Exonerated: August 2, 2021
Incarcerated 23 years, 6 months, 23 days
Jarvis Ballard was only 18 years old when he was wrongfully arrested for aggravated rape in January of 1998. The crime was a rarity in St. Bernard Parish: two men had forced their way into the elderly victim’s home, sexually assaulted her, and stole her belongings. The victim told law enforcement, on at least four different occasions, that there were two perpetrators. Other witnesses to the crime also only saw two perpetrators. Eventually, the two true perpetrators’ guilt was proven by DNA evidence and both men admitted to committing the crime. Because police rushed to conduct a lineup procedure with the victim, Mr. Ballard was misidentified as one of the rapists before DNA testing results and other evidence could be learned. Had police conducted a more thorough investigation, they would have learned that Mr. Ballard’s DNA was not found at the scene and that the true perpetrators stated that Mr. Ballard was nowhere near the crime and was not involved. Instead, because Mr. Ballard had already been misidentified, police created a narrative that there were actually three perpetrators, even though the crime was clearly committed by only two people.
At trial, the State withheld the victim’s statements and other evidence demonstrating that the crime had been committed by only two people. By withholding these favorable, exculpatory evidence from Mr. Ballard, the State presented a case at trial with a fictitious third perpetrator. The defense was unable to counter this fiction or prove the flaws in the investigation that led to this fiction because the defense lawyer at trial did not have access to police reports and witness accounts documenting that there were only two intruders.
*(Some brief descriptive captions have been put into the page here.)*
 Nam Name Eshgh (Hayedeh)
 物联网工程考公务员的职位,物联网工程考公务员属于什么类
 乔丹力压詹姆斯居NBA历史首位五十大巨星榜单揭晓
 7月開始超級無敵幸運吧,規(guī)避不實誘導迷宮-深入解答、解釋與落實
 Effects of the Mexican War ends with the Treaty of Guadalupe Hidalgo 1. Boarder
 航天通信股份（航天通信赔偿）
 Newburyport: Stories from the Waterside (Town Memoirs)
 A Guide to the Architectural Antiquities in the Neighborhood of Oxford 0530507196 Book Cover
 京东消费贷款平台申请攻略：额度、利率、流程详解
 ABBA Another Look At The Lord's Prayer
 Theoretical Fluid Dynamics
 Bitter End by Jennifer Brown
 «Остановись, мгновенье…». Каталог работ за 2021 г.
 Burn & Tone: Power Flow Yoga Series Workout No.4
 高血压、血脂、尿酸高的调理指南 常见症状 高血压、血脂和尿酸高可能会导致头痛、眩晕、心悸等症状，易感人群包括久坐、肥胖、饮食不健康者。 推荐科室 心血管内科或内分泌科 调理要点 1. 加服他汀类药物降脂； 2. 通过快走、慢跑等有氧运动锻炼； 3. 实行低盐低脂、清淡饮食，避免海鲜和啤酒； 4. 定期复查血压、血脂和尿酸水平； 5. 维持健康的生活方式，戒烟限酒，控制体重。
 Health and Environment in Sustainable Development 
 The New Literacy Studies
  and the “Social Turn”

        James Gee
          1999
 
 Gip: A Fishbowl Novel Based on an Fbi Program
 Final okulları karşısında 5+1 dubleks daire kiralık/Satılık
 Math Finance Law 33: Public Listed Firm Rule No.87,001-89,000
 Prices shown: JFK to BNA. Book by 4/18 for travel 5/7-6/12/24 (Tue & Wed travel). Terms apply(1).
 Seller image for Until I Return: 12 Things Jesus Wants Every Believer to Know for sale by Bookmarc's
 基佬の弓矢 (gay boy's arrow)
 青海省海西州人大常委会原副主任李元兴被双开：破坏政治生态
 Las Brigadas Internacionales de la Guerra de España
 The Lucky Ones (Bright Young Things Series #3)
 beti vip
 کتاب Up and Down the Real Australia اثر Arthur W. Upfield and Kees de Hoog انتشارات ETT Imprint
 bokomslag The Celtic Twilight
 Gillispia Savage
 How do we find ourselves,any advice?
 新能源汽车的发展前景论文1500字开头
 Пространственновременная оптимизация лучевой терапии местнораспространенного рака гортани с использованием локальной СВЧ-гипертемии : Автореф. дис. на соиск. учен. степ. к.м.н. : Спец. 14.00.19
When IPNO began working on the case, we discovered all of the favorable evidence demonstrating that there were only two perpetrators. IPNO’s investigation also revealed evidence that an alternate juror was improperly allowed to participate in jury deliberations. In response to the State’s procedural and time bar objections, the Louisiana Fourth Circuit Court of Appeal issued a lengthy rebuke of the district court and the State for declining to hear Mr. Ballard’s claims supporting his innocence and ordered the district court to hold an evidentiary hearing to consider the Brady evidence. Before this hearing could be held, the District Attorney’s Office reevaluated Mr. Ballard’s newly presented evidence and determined that “DNA evidence, witnesses recanting their prior statements and polygraph testing all supported the ‘actual innocence’ claims of Jarvis Ballard.” DA Nicosia went on to say that, in cases like Mr. Ballard’s, “when proof of innocence is shown I will follow through with administering justice and correcting past errors.”